- Battle of Sochi: Part of the Moldavian–Wallachia Wars
| Date | 7 March 1471 |
| Location | Sochi, near Râmnicu Sărat, Wallachia |
| Result | Moldavian victory |

Belligerents
- Moldavia: Wallachia

Commanders and leaders
- Stephen III: Radu III Mircea Comis (POW) Stan Logofăt (POW)

Strength
- Unknown: Unknown

Casualties and losses
- Unknown: Very heavy

= Battle of Sochi =

1471 battle between Moldavia and Wallachia

The Battle of Sochi took place on 7 March 1471, between the Moldavian army of Voivode Stephen the Great against the Wallachian army of Radu III supported by the Ottoman Empire, resulting in Moldavian victory and disastrous rout of the Wallachian–Ottoman forces.

== Prelude ==

After Moldavia repelled the Hungarian invasion in 1467, Stephen the Great invaded Wallachia in 1471. Stephen stopped paying tribute to the Ottoman Empire and begun his attempts to get Wallachia out of Ottoman control. The exact location where the confrontation was going to take place is uncertain, either Moldavia or Wallachia, with commonly-accepted location among historians being Râmnicu Sărat in Wallachia.

== Battle ==

In early March 1471, Radu III led his army towards Sochi, likely near Râmnicu Sărat in Wallachia, where he intended to confront the Moldavia army of Stephen the Great. Stephen invaded on 7 March, starting "war with the voivode Radu at Sochi" per Slavo-Moldavian Chronicles.

The confrontation was intense, but Moldavians "killed a large crowd of them Wallachians. And all the banners were taken away, and the great banner of Radu the voivode was taken.

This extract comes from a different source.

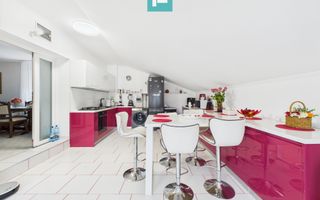 Casă exclusivistă cu 4 camere, în Secusigiu, Arad - Poză 11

And many brave men were caught then, who were also cut off ... ".

== Aftermath ==

The battle resulted in Moldavian victory and led to heavy losses among Wallachians, including capture of two Wallachian boyars, Mircea Comis and Stan Logofăt. Moldavians also took loot and 17,000 Romani slaves with them.

Radu III attempted to be more careful in his next confrontation with Moldavians by building Crăciuna Fortress. For Stephen the Great, this battle marked his first step in wresting Wallachia from the Ottoman influence.